→ **PROVIDED INFORMATION**
= = = =

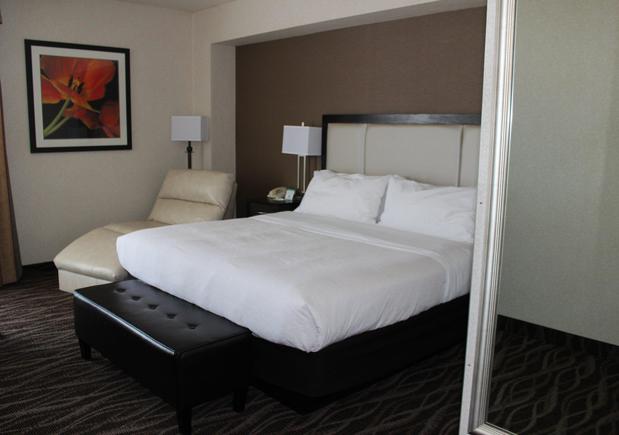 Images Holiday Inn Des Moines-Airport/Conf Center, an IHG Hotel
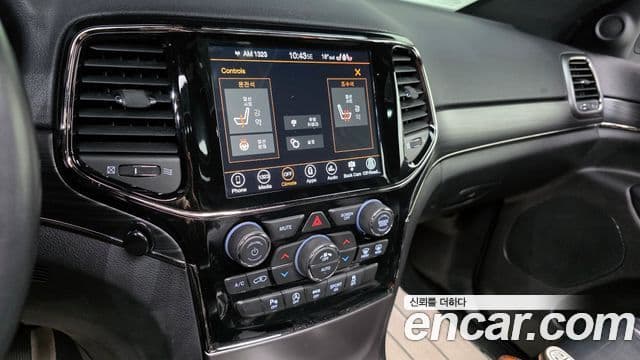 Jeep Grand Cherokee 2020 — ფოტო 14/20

= = = =

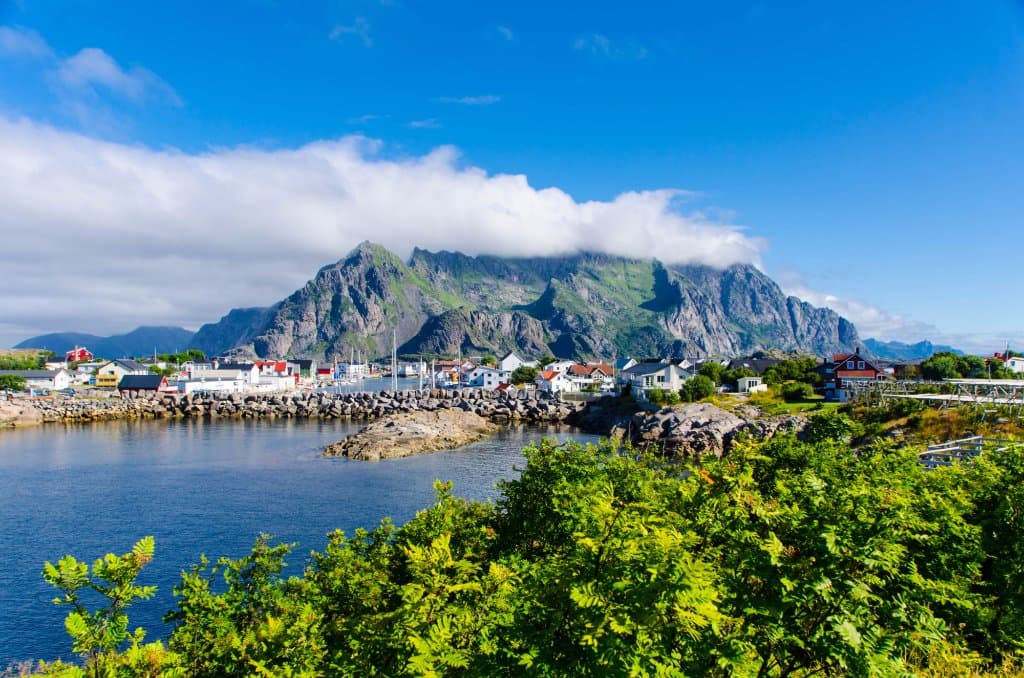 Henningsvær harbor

= = = =

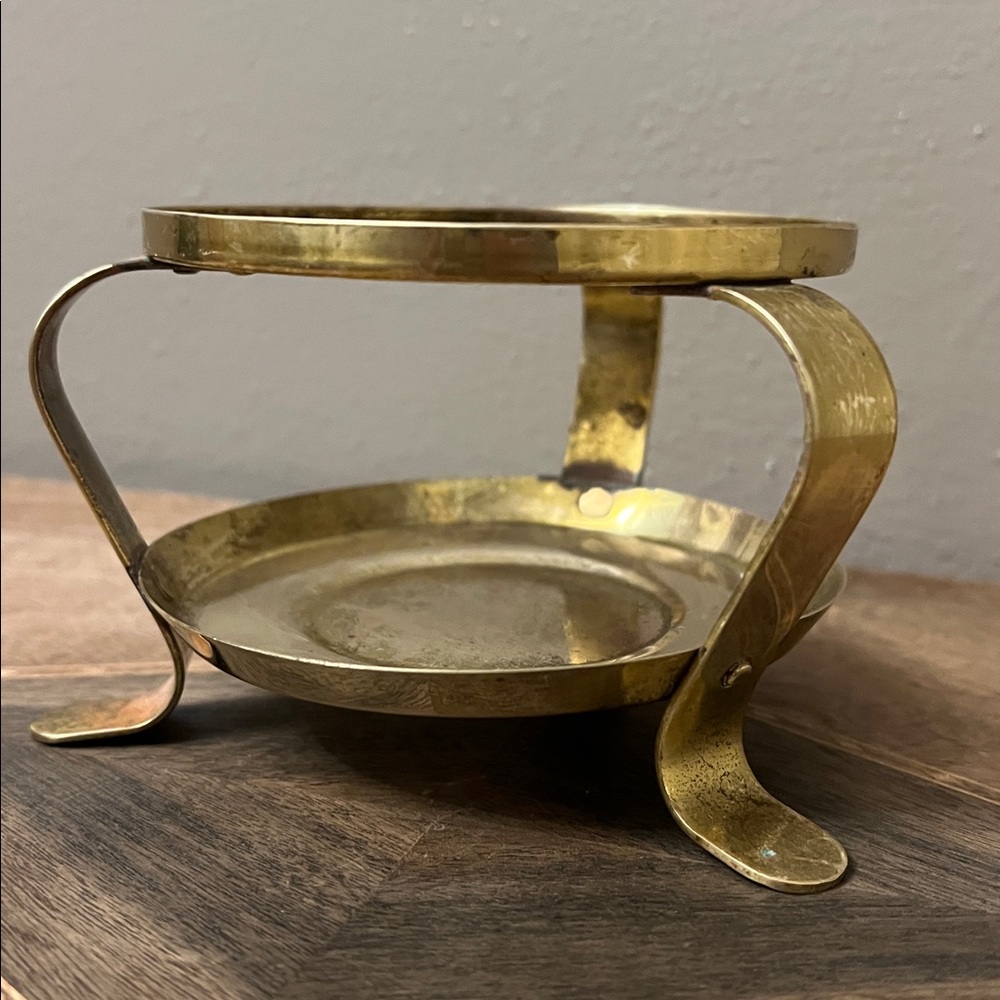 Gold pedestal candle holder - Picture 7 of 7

= = = =

→ **AIM OF THE EXERCISE**
Reproduce the lines above starting at the one with "Images Holiday Inn" and ending at the one with "Jeep Grand Cherokee 2020 — ფოტო 14/20", both included, exactly and with no pictures.

→ **OUTPUT OF THE TASK**
 Images Holiday Inn Des Moines-Airport/Conf Center, an IHG Hotel
 Jeep Grand Cherokee 2020 — ფოტო 14/20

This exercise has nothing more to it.